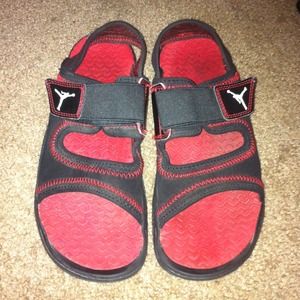 Boys Jordans sandals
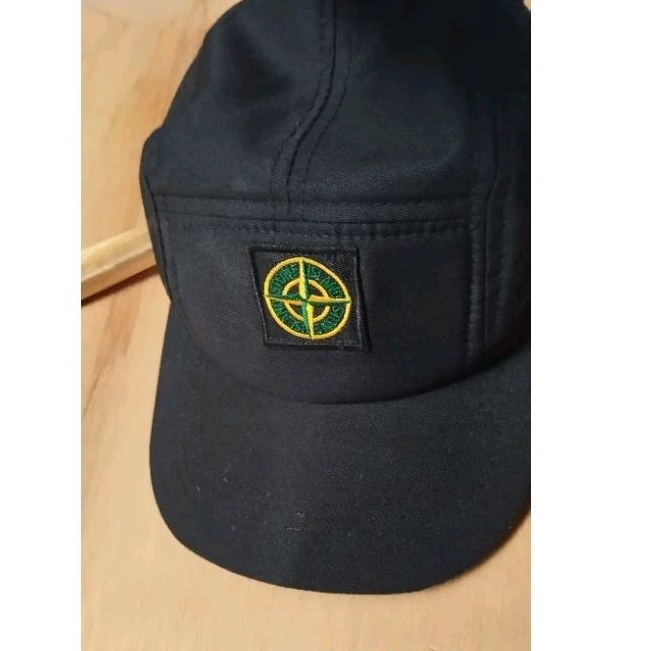 Topi 5Panel Stone Island Second Thrifting Thrift Preloved Luxury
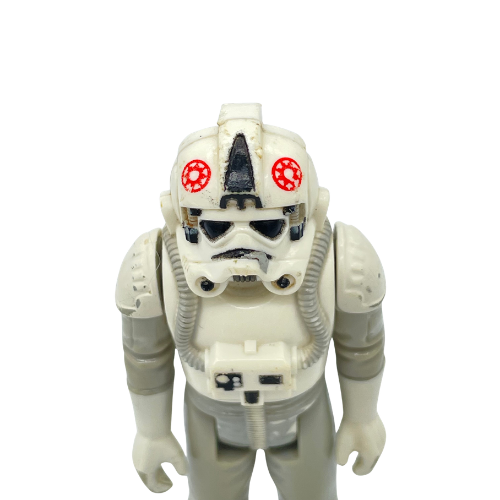 1980 Kenner Star Wars AT-AT DRIVER – ESB – Incomplete – Hong Kong COO – Vintage Red Emblem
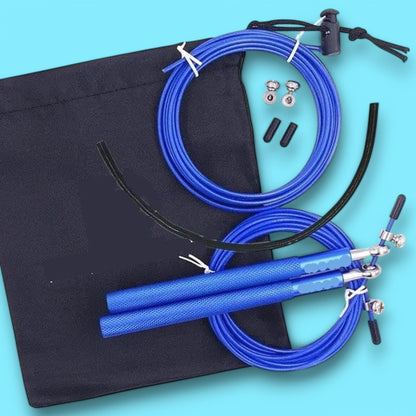 Corde à Sauter - SpeedJump™ - Bleu - Mes Accessoires Fitness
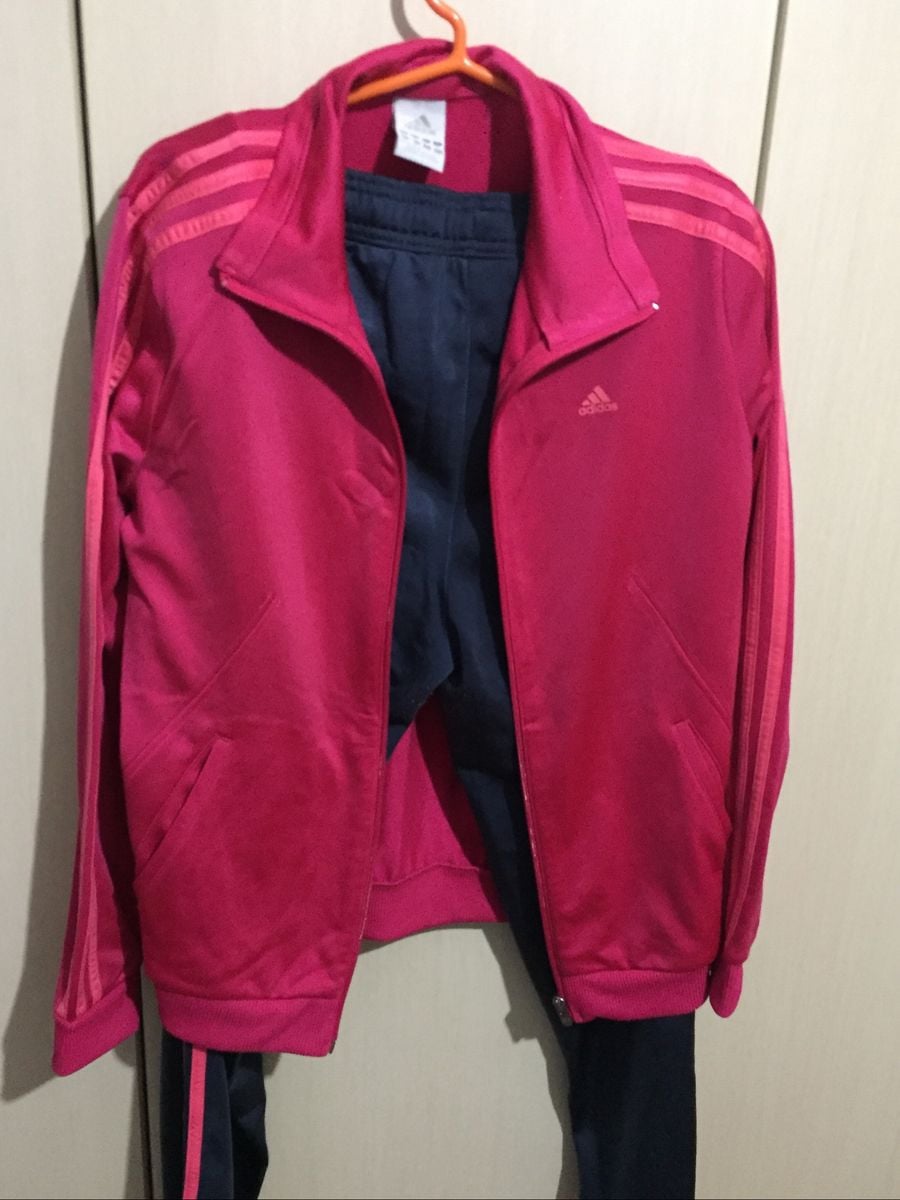 conjunto femino adidas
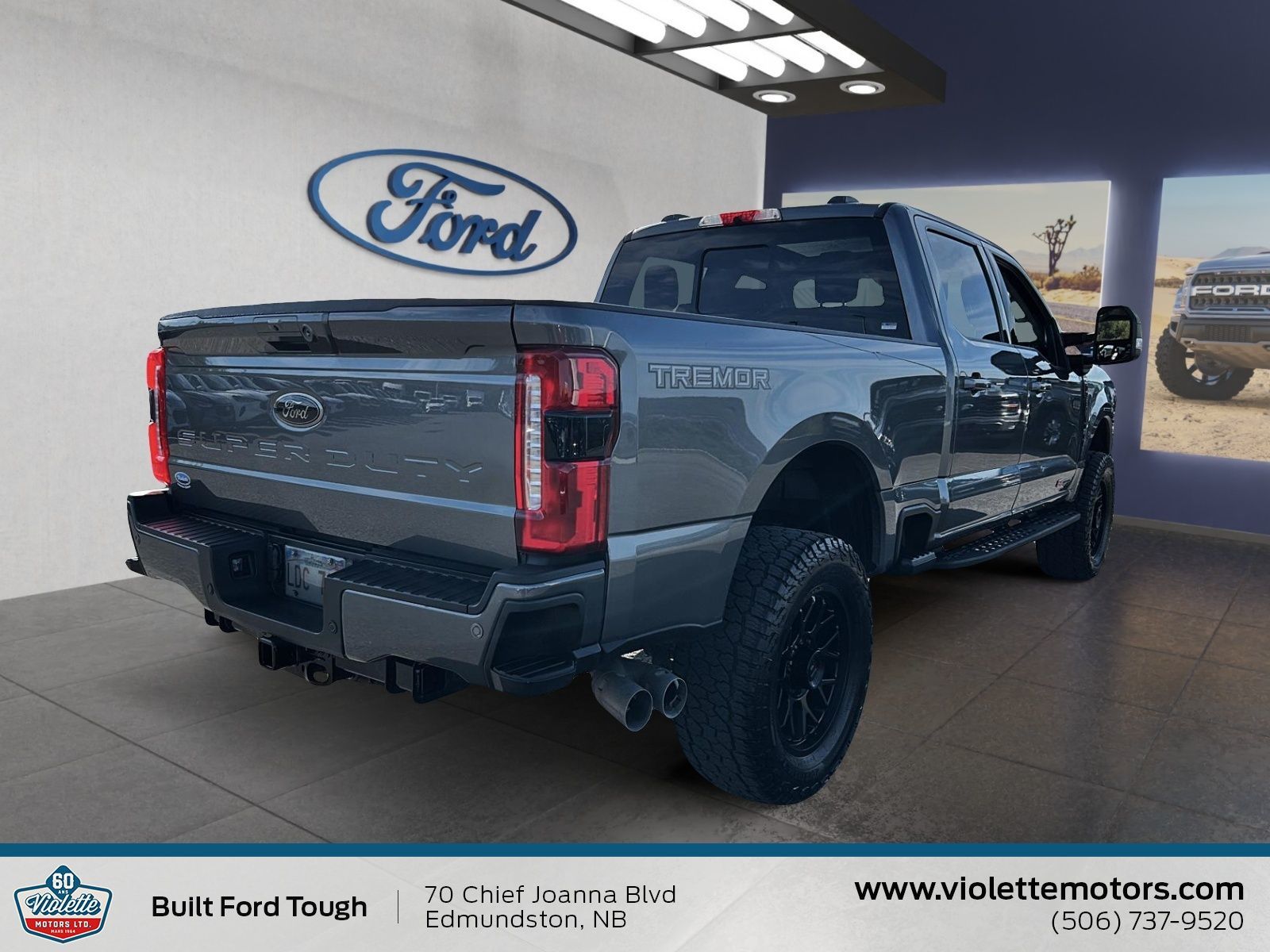 Photo Ford Super Duty F-350 SRW LARIAT 2024 #5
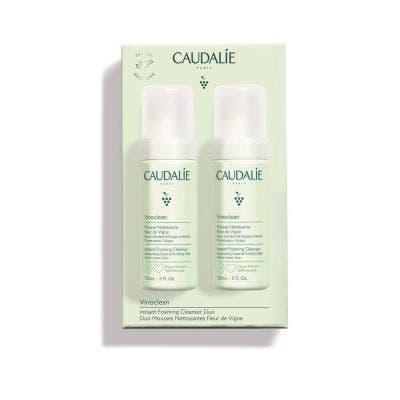 CAUDALIE Vinoclean Foaming Cleanser Duo TREX 150ML X 2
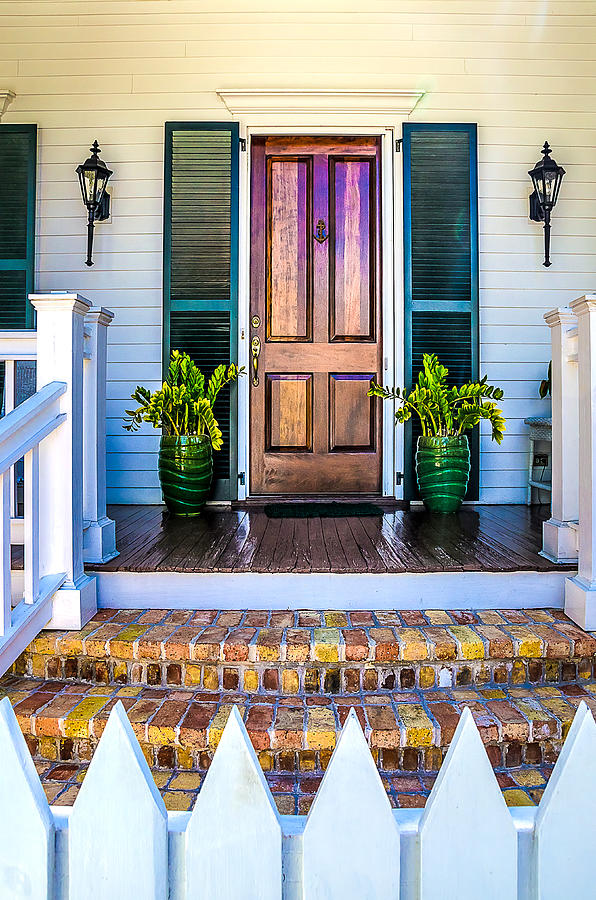Key West Homes 16 Photograph by Julie Palencia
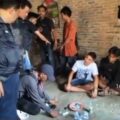 Grebek Rantau Panjang, Satresnarkoba Polresta Deli Serdang Bekuk 6 Orang Pengguna Narkoba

----------------

*WHAT NEEDS TO BE DONE:* Return exactly the lines from the line with "Corde à Sauter" through the last line of the data above, both included; pictures do not go in the answer.

*YOUR SOLUTION:*
 Corde à Sauter - SpeedJump™ - Bleu - Mes Accessoires Fitness
 conjunto femino adidas
 Photo Ford Super Duty F-350 SRW LARIAT 2024 #5
 CAUDALIE Vinoclean Foaming Cleanser Duo TREX 150ML X 2
Key West Homes 16 Photograph by Julie Palencia
 Grebek Rantau Panjang, Satresnarkoba Polresta Deli Serdang Bekuk 6 Orang Pengguna Narkoba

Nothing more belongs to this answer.